YOUR OBJECTIVE:
Would you print out all of the data exactly and keep the pictures out of it?

(Dataset items)
- - - - -

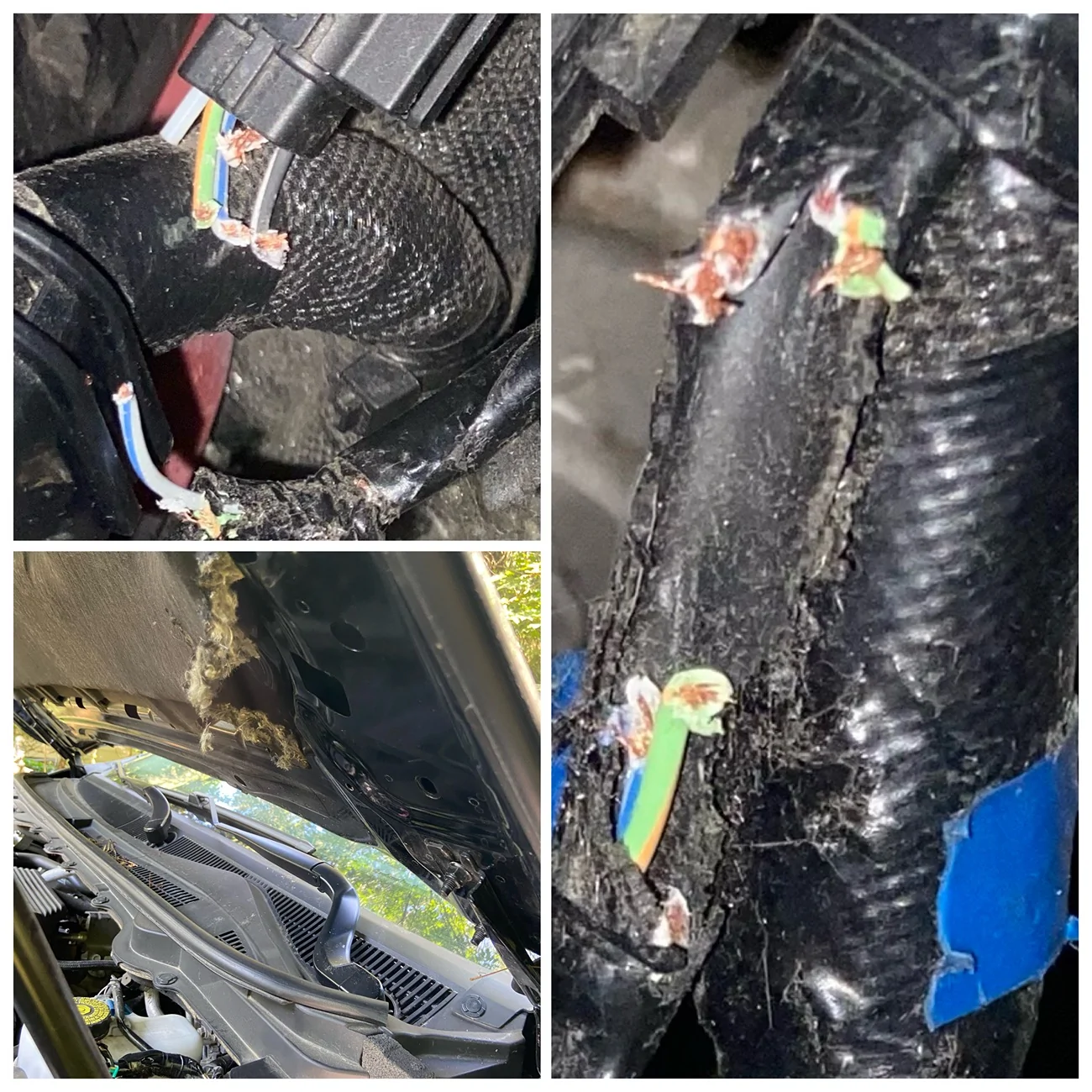 IMG_6510.webp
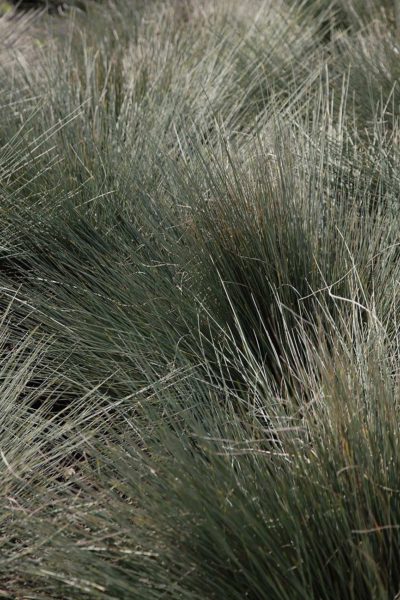 Grassoorte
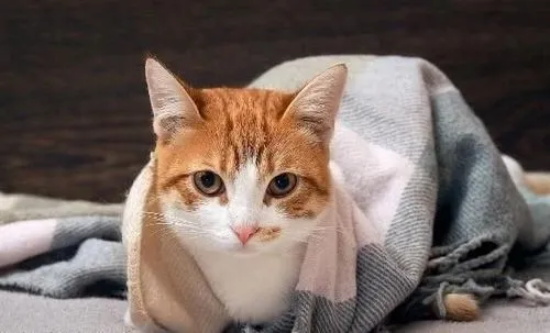 Сèô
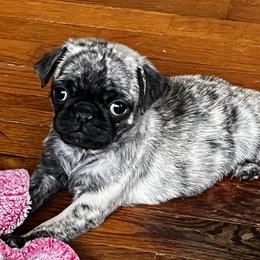 Pugs from Oakcreek Farm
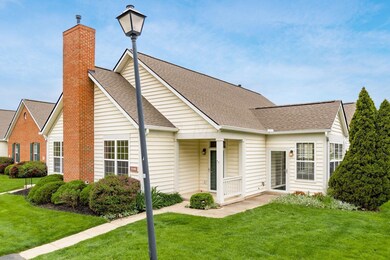 Corner Lot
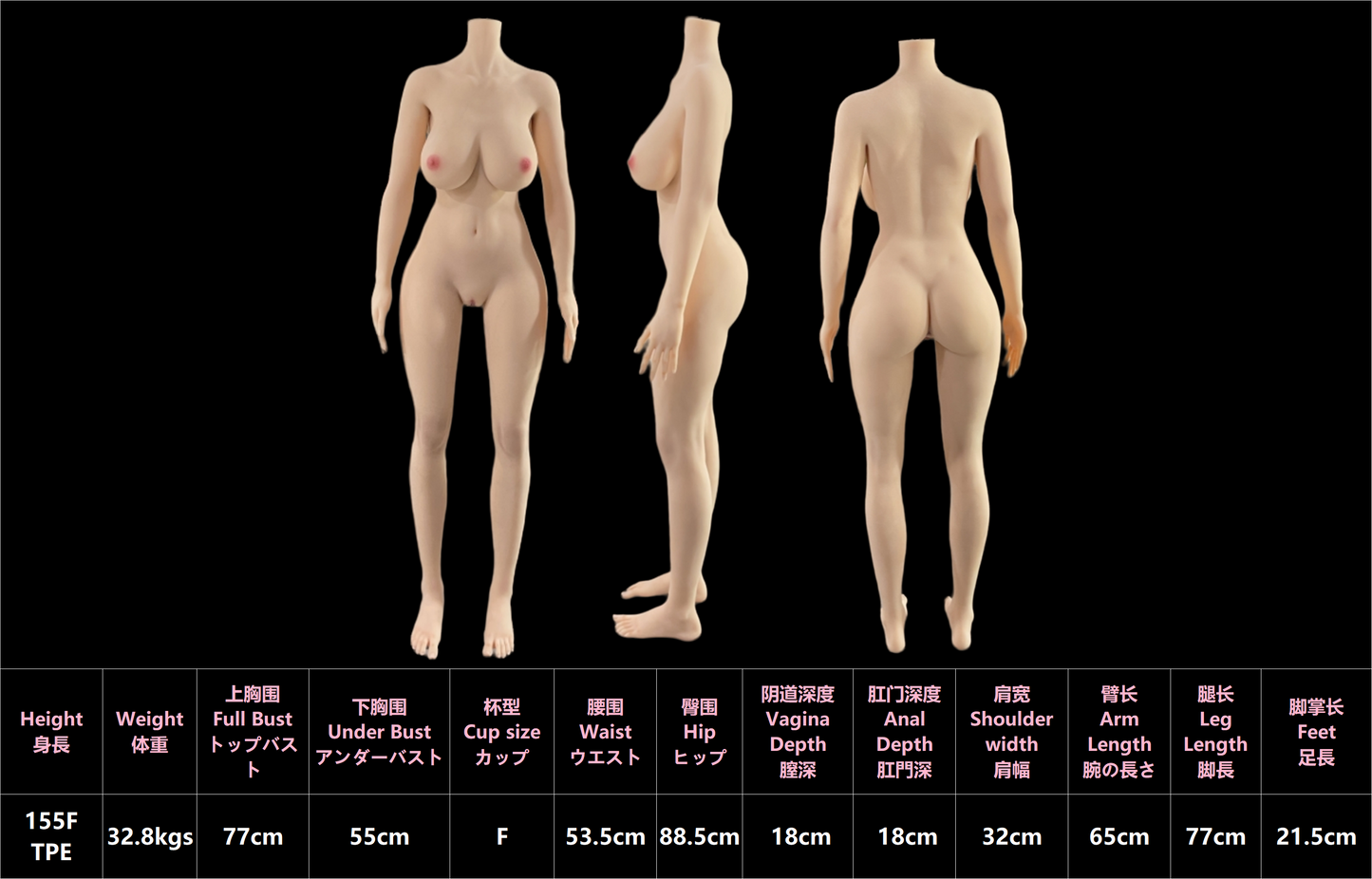 155cm/5ft1 F-cup Big Boobs Silicone Head Sex Doll - #62 Aki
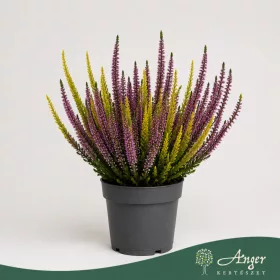  Calluna vulgaris 'Ladies Twins' (Beauty-Ladies) - csarab - lila-sárga - 26 cm - 10,5 cm-es cserépben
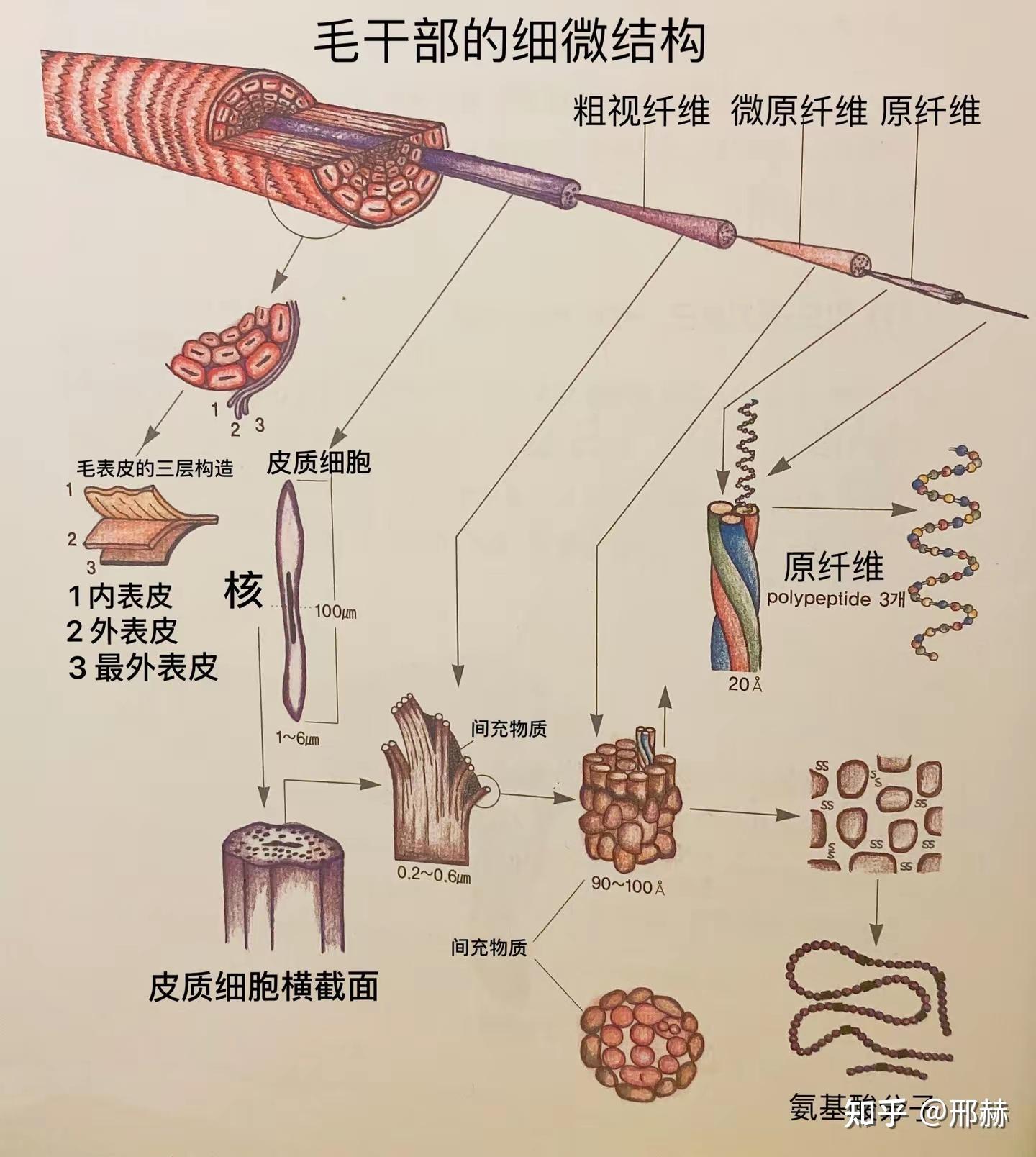 毛发的构造 - 知乎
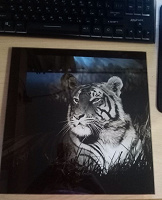 Отдается в дар Картина «Тигр», 30х30, стекло/фотопечать
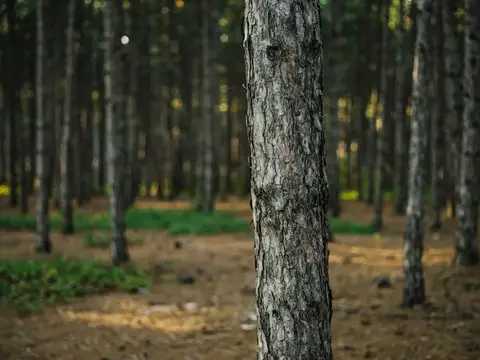 Лес, природа, деревья, пейзаж, путешествия, активный отдых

- - - - -

RESPONSE BOX:
 IMG_6510.webp
 Grassoorte
 Сèô
 Pugs from Oakcreek Farm
 Corner Lot
 155cm/5ft1 F-cup Big Boobs Silicone Head Sex Doll - #62 Aki
  Calluna vulgaris 'Ladies Twins' (Beauty-Ladies) - csarab - lila-sárga - 26 cm - 10,5 cm-es cserépben
 毛发的构造 - 知乎
 Отдается в дар Картина «Тигр», 30х30, стекло/фотопечать
 Лес, природа, деревья, пейзаж, путешествия, активный отдых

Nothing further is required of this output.